Exercise brief ->
Reproduce all of the entries below exactly, without images.
***
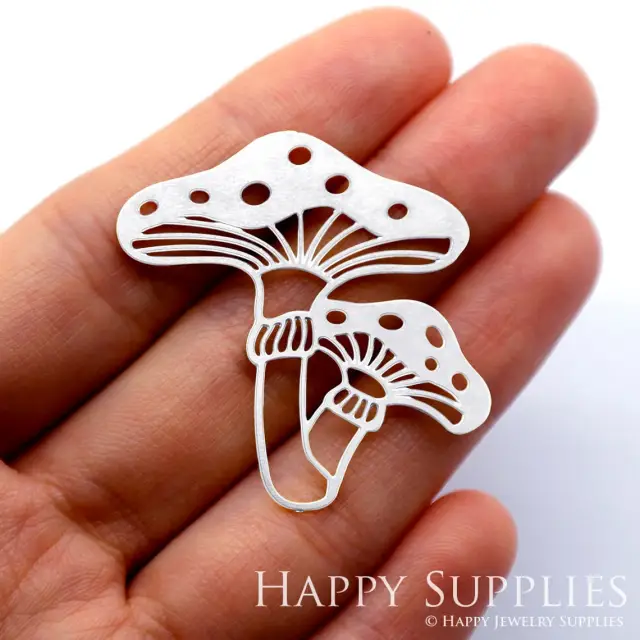 Stainless Steel Jewelry Charms, Mushroom Stainless Steel Earring Charms, Stainless Steel Silver Jewelry Pendants, Stainless Steel Silver Jewelry Findings, Stainless Steel Pendants Jewelry Wholesale (SSD1618)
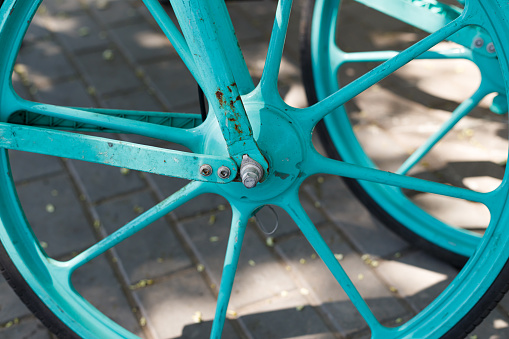 Old bicycle with white background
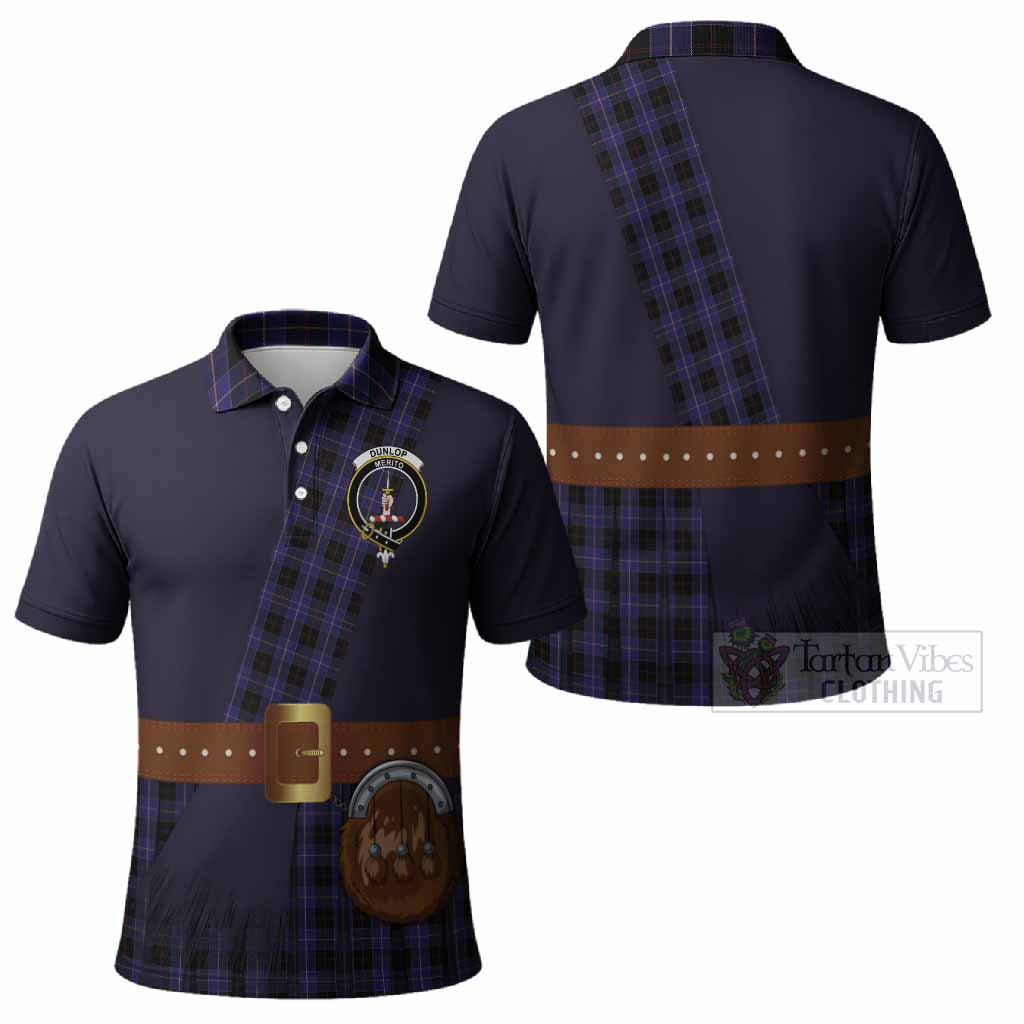 Dunlop Tartan Crest Polo Shirt Kilt Costume Style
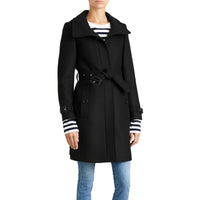 Manteau en laine technique et cachemire avec col entonnoir - Black
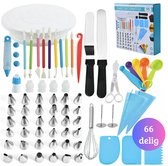 Janse® Taart decoratie set 66 delig - Cake set - Bakken - Bakspullen - Taart accessoires - Bakset - Spuitmondjes - 2 herbruikbare spuitzakken - Cupcakes - Taarten - Taartstandaard - Taartplateau - Decoratie set - Cake decoreren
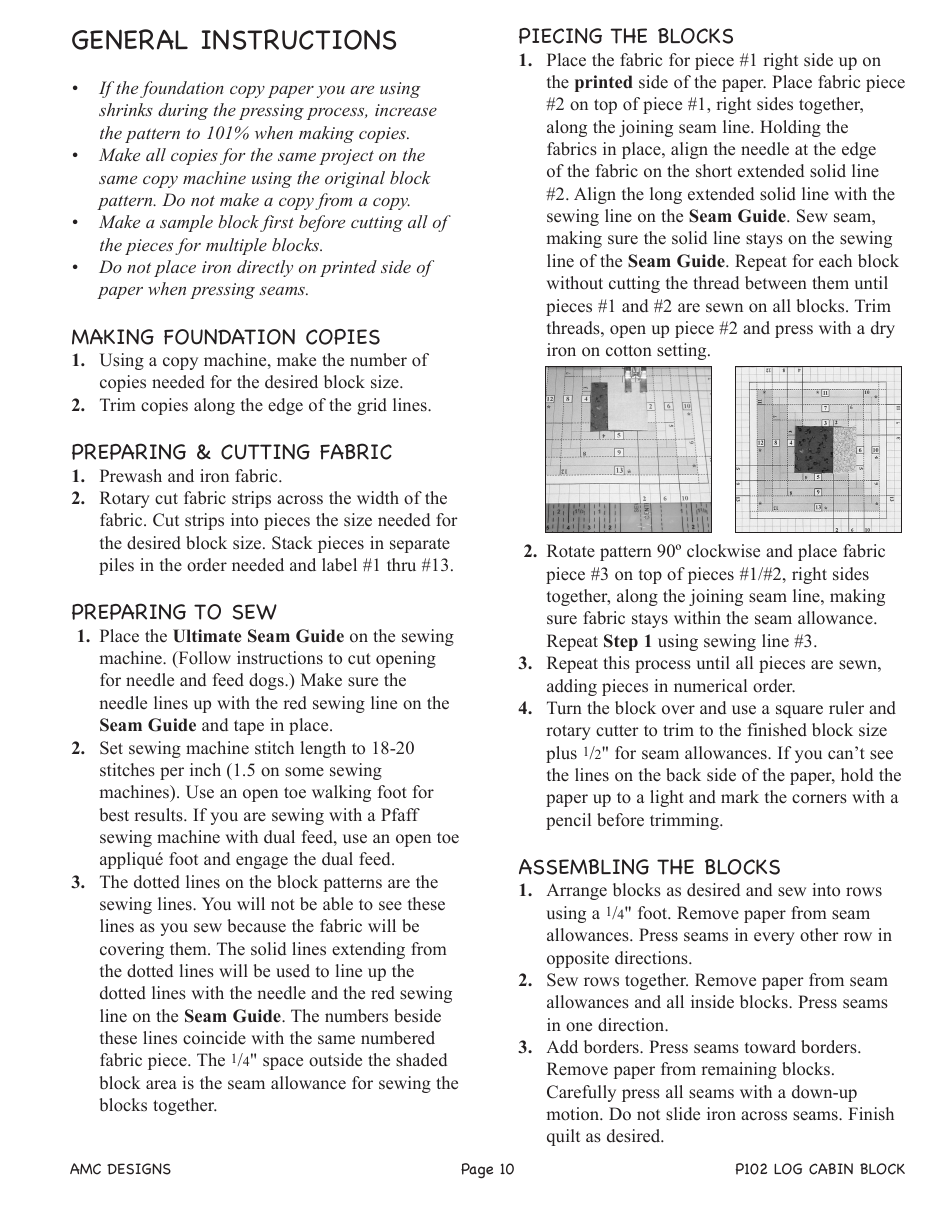 Log Cabin Quilt Block Pattern - Annis Clapp, Page 11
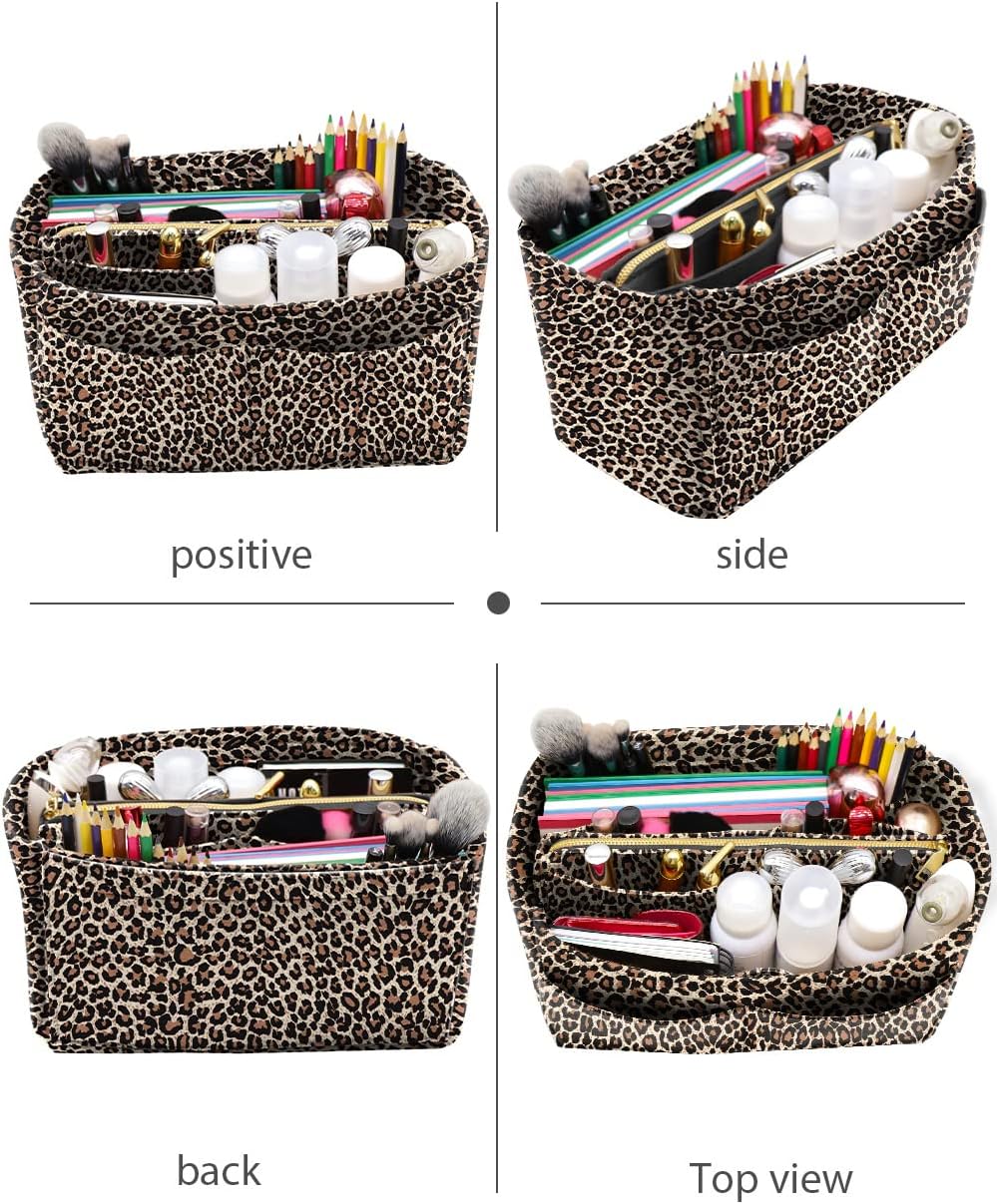 LEXSION Felt Purse Bag Organizer Insert with zipper Bag Tote Shaper Fit Speedy Neverful PM MM
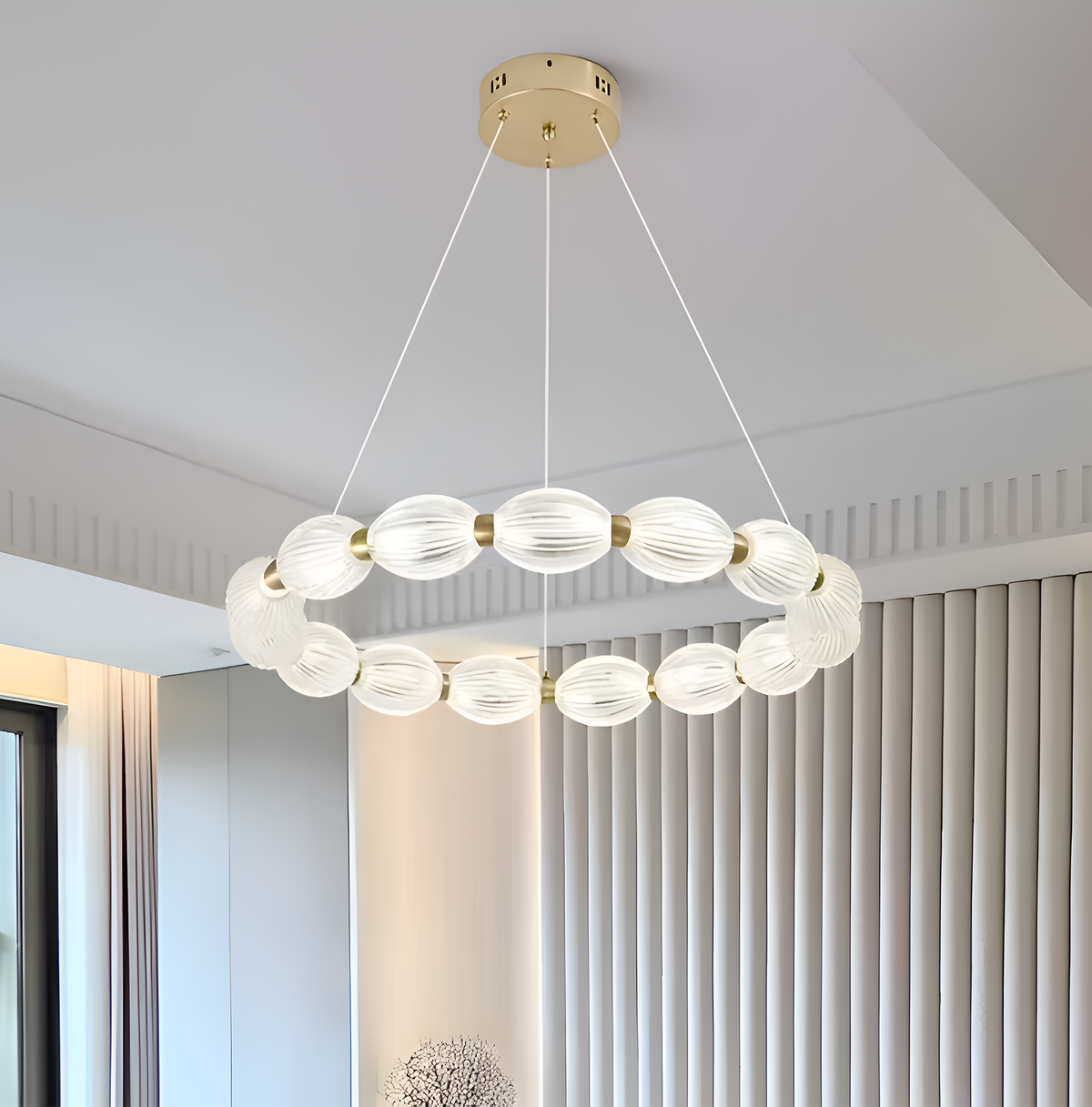 Lustra LED suspendata FAUSTO II, 42W, lumina Rece/Calda/Neutra, Inaltime Reglabila, Auriu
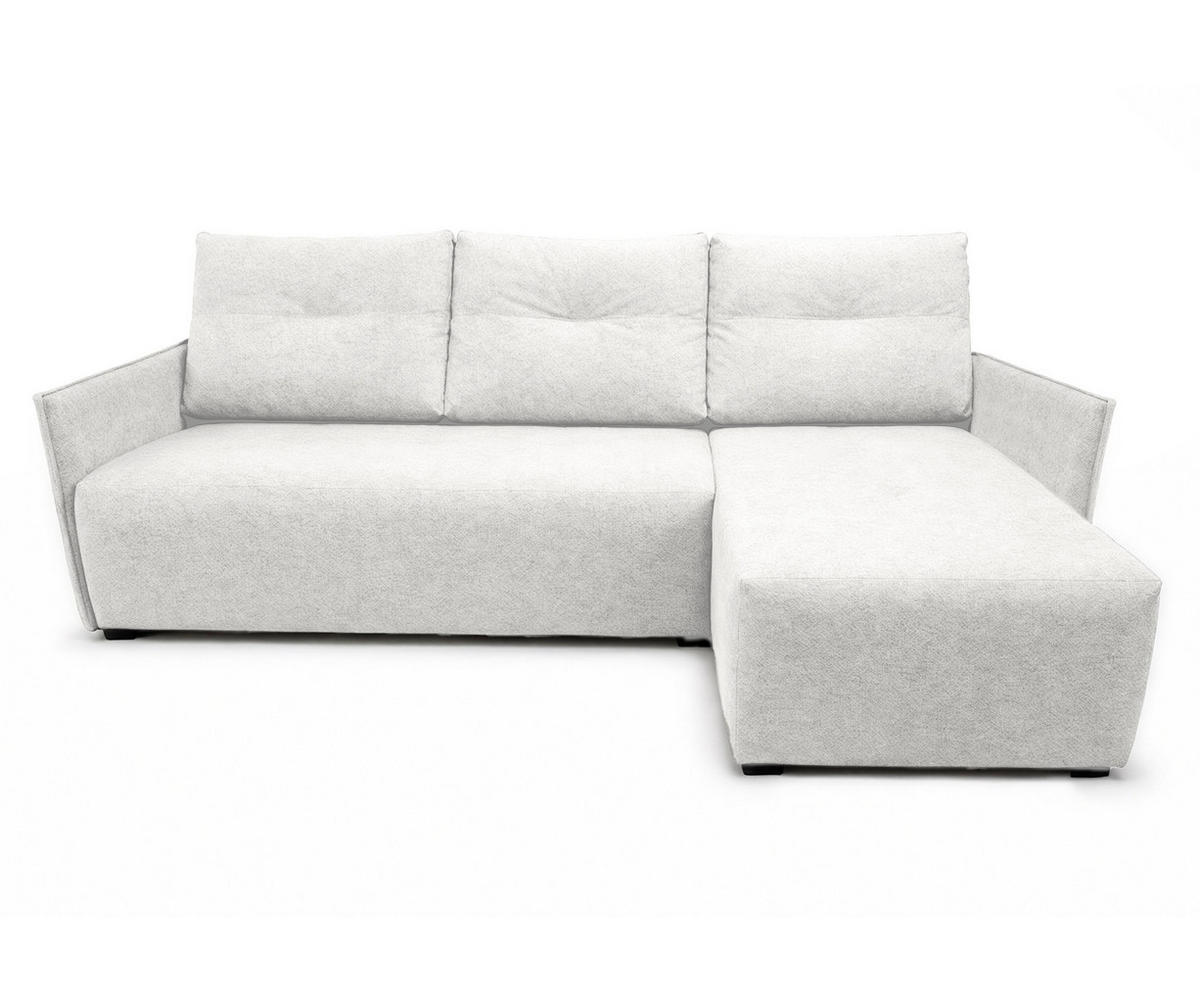 ECKSOFA L Form Damascus Weiß 212/143/88 cm Rechts mit Schlaffunktion - Schwarz/Weiß, Kunststoff/Textil (212/143cm) - AX Living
***
Task output ->
 Stainless Steel Jewelry Charms, Mushroom Stainless Steel Earring Charms, Stainless Steel Silver Jewelry Pendants, Stainless Steel Silver Jewelry Findings, Stainless Steel Pendants Jewelry Wholesale (SSD1618)
 Old bicycle with white background
 Dunlop Tartan Crest Polo Shirt Kilt Costume Style
 Manteau en laine technique et cachemire avec col entonnoir - Black
 Janse® Taart decoratie set 66 delig - Cake set - Bakken - Bakspullen - Taart accessoires - Bakset - Spuitmondjes - 2 herbruikbare spuitzakken - Cupcakes - Taarten - Taartstandaard - Taartplateau - Decoratie set - Cake decoreren
 Log Cabin Quilt Block Pattern - Annis Clapp, Page 11
 LEXSION Felt Purse Bag Organizer Insert with zipper Bag Tote Shaper Fit Speedy Neverful PM MM
 Lustra LED suspendata FAUSTO II, 42W, lumina Rece/Calda/Neutra, Inaltime Reglabila, Auriu
 ECKSOFA L Form Damascus Weiß 212/143/88 cm Rechts mit Schlaffunktion - Schwarz/Weiß, Kunststoff/Textil (212/143cm) - AX Living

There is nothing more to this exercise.